You said the chain stops at an inch. Is it exactly an inch? I had to replace my mom's opener, because there was a worn spot. Just kinda digging around on this.


----------



## theway146

Drabdr said:


> Hey all!
> 
> Yea... it's tough bypassing those sensors.
> 
> I'm still not totally for certain it's the sensors. I'm thinking like Wacor, that it may be the force adjustment.


Aren't both sensors supposed to have a light on?? The right side has the "bulb" but no light.



> ...I would adjust the force sensor all the way to maximum. Are there wired limit switches? they may have to be moved.
> 
> You said the chain stops at an inch. Is it exactly an inch? I had to replace my mom's opener, because there was a worn spot. Just kinda digging around on this.


I'll try the force sensor. Don't know about the wired limit switches.

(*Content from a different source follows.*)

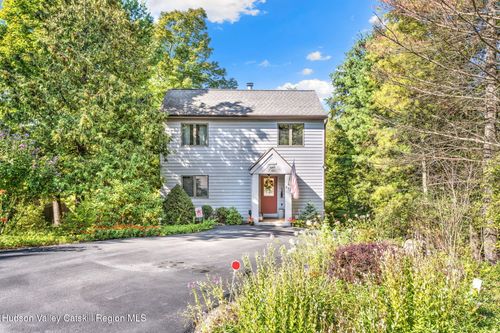 lot-g39-377 Tommy Trl, Athens, NY, 12015-3308 | Card Image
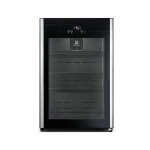 ELECTROLUX BEER COOLER | ERCQ10T4ISB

The inch was an estimate... It goes just briefly (with door attached or not) then retracts back.

Wouldn't the force sensor be irrelevant if there is no door on the chain??


----------



## Noyb

Aren't both sensors supposed to have a light on?? 
Mine have both LEDs on .. one amber .. one green

Wouldn't the force sensor be irrelevant if there is no door on the chain??
I would think it would have no effect .. unless there's a problem in the gear train.
That's what Busted in mine (for the second time) .. So I just got a new opener last week


----------



## Drabdr

theway146 said:


> Aren't both sensors supposed to have a light on?? The right side has the "bulb" but no light.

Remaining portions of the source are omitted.